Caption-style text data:

——————

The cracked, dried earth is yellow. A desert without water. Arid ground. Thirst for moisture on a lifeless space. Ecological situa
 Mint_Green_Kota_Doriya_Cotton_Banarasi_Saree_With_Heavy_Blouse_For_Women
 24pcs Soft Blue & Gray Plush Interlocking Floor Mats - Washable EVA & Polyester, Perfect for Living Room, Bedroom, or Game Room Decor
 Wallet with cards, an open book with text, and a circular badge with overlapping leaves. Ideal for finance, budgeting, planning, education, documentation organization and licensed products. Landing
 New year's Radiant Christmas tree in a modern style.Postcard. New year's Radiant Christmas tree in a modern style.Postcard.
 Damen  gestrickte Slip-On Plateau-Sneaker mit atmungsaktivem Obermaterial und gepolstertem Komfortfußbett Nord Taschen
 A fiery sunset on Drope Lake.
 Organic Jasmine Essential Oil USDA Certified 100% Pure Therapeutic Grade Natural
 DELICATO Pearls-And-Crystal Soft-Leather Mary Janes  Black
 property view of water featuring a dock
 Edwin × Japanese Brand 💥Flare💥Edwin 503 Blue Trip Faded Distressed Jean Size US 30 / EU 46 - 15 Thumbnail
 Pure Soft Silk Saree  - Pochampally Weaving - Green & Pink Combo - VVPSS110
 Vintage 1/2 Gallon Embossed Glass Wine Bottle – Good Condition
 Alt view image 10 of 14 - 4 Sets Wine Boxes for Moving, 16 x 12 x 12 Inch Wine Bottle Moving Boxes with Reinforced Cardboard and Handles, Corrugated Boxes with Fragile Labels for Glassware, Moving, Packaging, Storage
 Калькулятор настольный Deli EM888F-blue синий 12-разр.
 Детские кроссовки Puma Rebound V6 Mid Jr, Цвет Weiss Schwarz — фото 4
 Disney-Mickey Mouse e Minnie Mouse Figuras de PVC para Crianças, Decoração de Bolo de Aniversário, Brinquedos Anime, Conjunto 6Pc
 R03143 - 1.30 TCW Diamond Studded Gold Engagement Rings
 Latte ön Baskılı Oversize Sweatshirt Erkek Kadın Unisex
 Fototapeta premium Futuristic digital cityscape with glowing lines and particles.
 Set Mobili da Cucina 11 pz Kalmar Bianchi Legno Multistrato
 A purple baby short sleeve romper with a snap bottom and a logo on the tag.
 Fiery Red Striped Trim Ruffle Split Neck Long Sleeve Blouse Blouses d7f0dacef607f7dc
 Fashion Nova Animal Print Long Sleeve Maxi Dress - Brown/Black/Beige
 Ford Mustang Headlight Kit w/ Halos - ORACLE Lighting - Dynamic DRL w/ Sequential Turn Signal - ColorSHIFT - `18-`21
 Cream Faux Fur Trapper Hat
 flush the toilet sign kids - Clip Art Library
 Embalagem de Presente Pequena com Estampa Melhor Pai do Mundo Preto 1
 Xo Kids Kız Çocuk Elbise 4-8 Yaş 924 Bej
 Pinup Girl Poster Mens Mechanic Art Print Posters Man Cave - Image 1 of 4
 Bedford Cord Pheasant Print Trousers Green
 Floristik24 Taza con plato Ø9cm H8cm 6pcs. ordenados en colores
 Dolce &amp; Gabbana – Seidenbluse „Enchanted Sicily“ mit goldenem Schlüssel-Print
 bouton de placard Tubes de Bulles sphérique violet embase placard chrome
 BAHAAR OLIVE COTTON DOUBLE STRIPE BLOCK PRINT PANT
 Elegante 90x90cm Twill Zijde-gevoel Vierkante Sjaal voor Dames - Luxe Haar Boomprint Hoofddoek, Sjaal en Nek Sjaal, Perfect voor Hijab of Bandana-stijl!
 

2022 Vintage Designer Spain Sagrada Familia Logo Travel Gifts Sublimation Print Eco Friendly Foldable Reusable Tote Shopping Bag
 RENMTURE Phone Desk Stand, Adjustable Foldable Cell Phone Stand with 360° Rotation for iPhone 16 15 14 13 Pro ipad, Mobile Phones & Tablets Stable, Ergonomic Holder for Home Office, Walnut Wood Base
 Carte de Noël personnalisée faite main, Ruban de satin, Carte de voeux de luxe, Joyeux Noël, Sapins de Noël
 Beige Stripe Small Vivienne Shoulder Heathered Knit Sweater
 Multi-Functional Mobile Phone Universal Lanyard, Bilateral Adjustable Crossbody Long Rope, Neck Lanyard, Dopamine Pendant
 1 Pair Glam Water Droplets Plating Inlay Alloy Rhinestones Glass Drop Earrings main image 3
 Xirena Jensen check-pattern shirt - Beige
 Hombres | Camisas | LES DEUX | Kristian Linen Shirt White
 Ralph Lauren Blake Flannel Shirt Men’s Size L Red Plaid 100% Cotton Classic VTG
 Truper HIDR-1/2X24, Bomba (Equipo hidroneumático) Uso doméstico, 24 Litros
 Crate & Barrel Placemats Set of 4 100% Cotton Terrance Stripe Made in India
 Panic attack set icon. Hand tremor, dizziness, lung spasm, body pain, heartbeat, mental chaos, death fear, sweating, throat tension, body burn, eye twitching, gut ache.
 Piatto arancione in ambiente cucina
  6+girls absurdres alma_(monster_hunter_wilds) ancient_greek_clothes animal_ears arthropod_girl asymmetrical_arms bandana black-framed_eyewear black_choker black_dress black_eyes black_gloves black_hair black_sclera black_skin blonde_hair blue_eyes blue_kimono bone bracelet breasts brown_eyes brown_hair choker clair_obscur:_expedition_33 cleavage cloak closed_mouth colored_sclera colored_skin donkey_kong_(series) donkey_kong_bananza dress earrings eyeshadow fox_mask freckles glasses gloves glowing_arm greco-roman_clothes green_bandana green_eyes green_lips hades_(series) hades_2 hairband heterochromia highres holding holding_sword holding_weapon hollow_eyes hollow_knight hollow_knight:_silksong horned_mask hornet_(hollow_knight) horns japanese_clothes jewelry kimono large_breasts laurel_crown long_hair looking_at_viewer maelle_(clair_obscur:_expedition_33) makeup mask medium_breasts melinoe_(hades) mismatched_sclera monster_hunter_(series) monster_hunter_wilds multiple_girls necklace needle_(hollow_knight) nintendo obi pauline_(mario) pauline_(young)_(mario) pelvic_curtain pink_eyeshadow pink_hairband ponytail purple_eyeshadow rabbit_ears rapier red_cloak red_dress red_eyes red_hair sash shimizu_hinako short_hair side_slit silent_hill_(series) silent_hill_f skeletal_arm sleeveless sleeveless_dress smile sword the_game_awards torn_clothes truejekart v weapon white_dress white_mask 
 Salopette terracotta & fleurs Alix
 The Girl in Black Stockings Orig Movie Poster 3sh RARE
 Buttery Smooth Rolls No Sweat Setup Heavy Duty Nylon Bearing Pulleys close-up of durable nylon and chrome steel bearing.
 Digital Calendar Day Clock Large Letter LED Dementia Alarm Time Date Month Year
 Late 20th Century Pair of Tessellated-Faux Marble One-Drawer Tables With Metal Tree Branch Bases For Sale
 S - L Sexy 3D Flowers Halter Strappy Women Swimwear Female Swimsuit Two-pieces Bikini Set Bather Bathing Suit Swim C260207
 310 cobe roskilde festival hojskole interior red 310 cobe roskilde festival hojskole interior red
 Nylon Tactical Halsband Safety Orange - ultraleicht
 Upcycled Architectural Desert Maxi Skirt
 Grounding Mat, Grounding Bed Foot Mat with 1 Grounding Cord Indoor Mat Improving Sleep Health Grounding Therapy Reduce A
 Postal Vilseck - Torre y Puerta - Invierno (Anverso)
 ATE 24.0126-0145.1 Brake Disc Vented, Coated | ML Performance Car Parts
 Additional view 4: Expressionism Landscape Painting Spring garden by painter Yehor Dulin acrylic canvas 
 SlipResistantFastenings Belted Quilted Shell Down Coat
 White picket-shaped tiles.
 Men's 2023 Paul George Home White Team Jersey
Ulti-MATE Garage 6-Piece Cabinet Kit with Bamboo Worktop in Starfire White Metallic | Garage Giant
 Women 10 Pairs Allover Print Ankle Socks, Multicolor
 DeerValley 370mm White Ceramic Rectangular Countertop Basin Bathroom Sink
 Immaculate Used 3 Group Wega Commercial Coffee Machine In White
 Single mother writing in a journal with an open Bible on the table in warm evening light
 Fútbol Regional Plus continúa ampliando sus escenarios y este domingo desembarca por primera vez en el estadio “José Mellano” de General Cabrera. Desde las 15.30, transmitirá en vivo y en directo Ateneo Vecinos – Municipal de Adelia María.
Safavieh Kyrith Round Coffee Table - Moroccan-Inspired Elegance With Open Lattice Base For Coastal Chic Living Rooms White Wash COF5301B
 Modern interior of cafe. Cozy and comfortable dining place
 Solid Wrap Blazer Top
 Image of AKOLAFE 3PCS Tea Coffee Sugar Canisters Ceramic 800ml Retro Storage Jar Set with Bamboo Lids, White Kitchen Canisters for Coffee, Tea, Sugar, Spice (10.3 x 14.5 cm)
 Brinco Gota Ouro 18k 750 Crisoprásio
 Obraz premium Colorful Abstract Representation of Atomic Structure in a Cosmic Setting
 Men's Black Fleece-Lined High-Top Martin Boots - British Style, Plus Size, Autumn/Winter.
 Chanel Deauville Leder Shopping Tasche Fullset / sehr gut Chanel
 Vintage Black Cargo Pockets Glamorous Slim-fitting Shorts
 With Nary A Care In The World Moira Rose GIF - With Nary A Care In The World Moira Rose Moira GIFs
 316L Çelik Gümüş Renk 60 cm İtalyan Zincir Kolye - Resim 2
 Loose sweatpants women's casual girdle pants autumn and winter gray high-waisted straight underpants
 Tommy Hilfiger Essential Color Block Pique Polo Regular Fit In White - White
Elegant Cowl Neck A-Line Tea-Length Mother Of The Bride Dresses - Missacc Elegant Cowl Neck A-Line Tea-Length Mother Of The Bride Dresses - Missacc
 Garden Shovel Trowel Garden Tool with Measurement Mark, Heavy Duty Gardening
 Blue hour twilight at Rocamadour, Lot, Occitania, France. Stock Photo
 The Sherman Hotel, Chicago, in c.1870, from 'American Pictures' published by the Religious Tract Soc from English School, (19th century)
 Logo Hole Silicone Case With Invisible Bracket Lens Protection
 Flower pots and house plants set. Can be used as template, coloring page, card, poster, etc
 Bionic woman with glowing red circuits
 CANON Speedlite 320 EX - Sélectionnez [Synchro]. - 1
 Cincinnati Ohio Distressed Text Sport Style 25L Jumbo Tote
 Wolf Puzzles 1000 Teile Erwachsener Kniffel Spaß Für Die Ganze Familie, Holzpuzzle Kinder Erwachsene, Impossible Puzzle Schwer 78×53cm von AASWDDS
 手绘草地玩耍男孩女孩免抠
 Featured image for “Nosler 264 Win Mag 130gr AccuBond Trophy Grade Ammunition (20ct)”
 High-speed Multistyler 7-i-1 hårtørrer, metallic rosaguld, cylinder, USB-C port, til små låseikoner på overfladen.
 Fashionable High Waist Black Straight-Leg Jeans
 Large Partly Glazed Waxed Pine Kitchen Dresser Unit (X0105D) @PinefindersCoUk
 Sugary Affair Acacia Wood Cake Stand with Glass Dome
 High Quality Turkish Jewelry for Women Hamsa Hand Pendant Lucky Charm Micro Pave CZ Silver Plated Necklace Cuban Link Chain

——————

*Your objective*: Begin with the line that contains "Fashionable High Waist" and print each line exactly until the data ends, including the last line.

*Written solution*:
 Fashionable High Waist Black Straight-Leg Jeans
 Large Partly Glazed Waxed Pine Kitchen Dresser Unit (X0105D) @PinefindersCoUk
 Sugary Affair Acacia Wood Cake Stand with Glass Dome
 High Quality Turkish Jewelry for Women Hamsa Hand Pendant Lucky Charm Micro Pave CZ Silver Plated Necklace Cuban Link Chain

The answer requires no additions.